A daring alternative would be to employ the Zero-RB strategy. This is where you draft only one running back in the first five runs and focus on rostering three or four wide receivers, an elite tight end and/or Patrick Mahomes. This is a something to consider if are drafting later in the first round. For instance, let’s say you have the No. 11 pick and the first 10 players taken are running backs. You could select Travis Kelce and might still be able to get Devante Adams or Tyreek Hill with your next pick.

If you are fortunate enough to draft early in the first round, you should take an elite running back. In my opinion, there are only three that are elite. And Christian McCaffrey is in a class by himself. He’s scored 25-plus points in 10 of his last 19 games, and he has scored fewer than 19 fantasy points in just two of them. He’s basically posting quarterback numbers as a running back. The problem last year was that he appeared in only three games. Regardless of the injury risk, however, he’s the No. 1 pick.

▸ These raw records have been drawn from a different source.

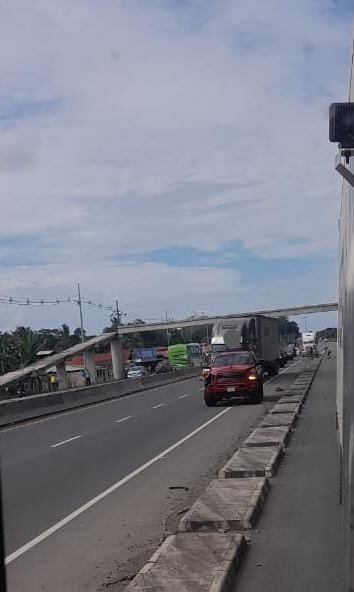 Atropello ocurrió a eso de la 1:20 p.m. en Venecia de Carrandí, Matina.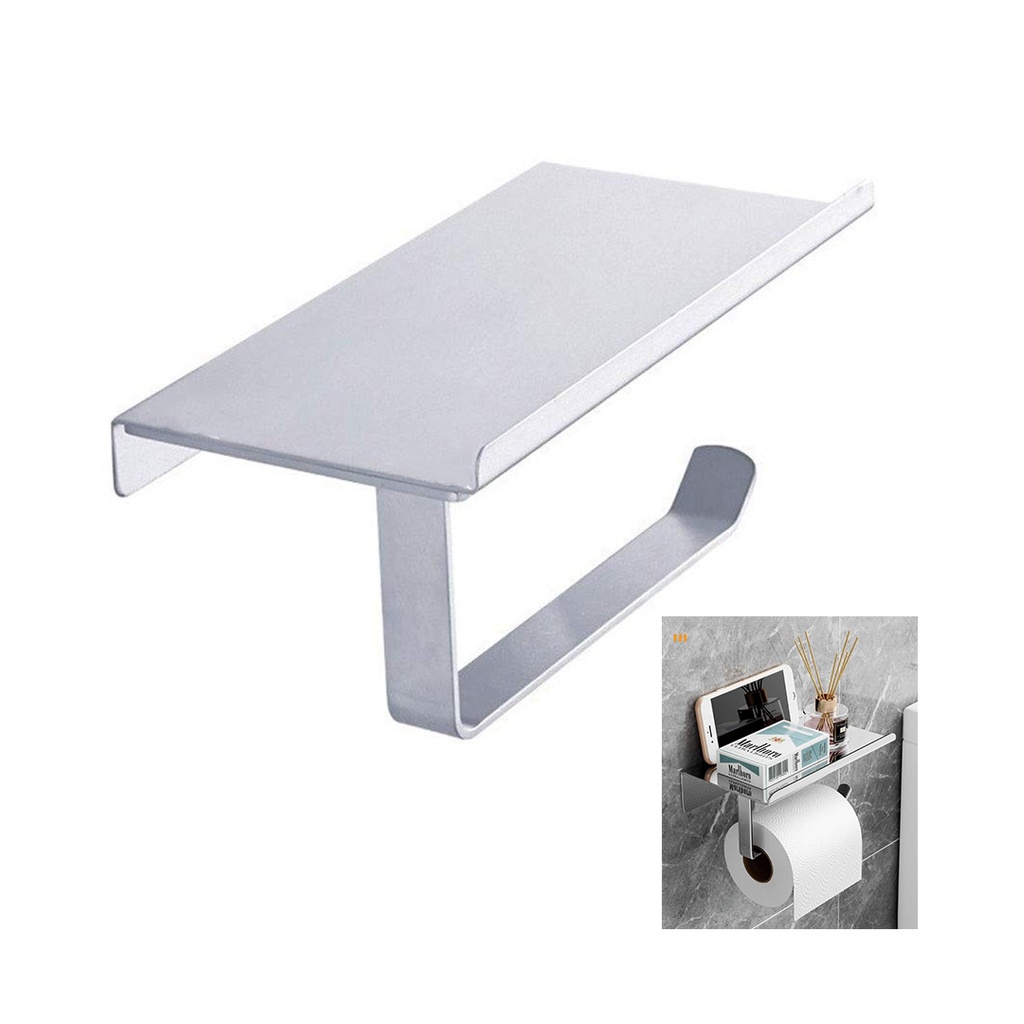 SALUD VEN PORTA PAPEL HIGIENICO C/ ESTANTE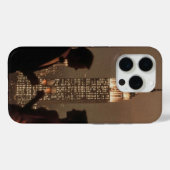 Étui robuste pour iPhone 15 Pro Couple de réussite (Verso (horizontal))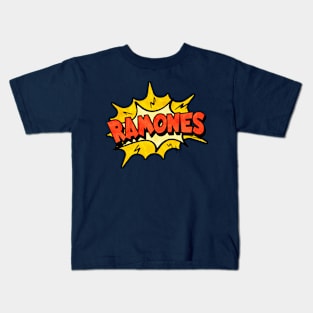 Ramones Vintage Kids T-Shirt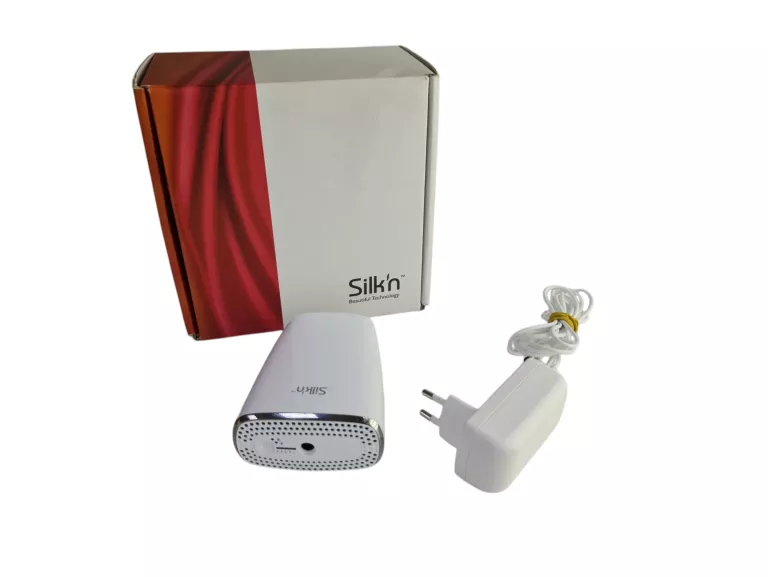 DEPILATOR LASEROWY SILKN H3210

After McCaffrey, Dalvin Cook, Derrick Henry, Alvin Kamara Ezekiel Elliott and Saquon Barkley round out the top six running backs expected to come off the board. But I put only two of these five in my elite tier. I may be the only analyst sounding the alarm on Zeke, but you should listen. Kamara should be discounted with the departure of Drew Brees and Barkley is a significant risk because of his injury history. If McCaffrey, Cook and Henry are gone, you may want to draft Travis Kelce.

I also want to point out that Austin Ekeler, Aaron Jones and Nick Chubb are not far behind, and either of them could outperform Kamara, Elliott and Barkley. Jones, who re-signed with the Packers in the offseason, could easily be a top-five fantasy back if Aaron Rodgers returns to Green Bay. It’s possible Jones will be even more involved in the passing game now that he’s sharing with A.J. Dillon and not Jamaal Williams. Over the past two seasons, the Packers have been in the top third of the league with 268 passes thrown to running backs. Dillion will not absorb Williams’ share of targets.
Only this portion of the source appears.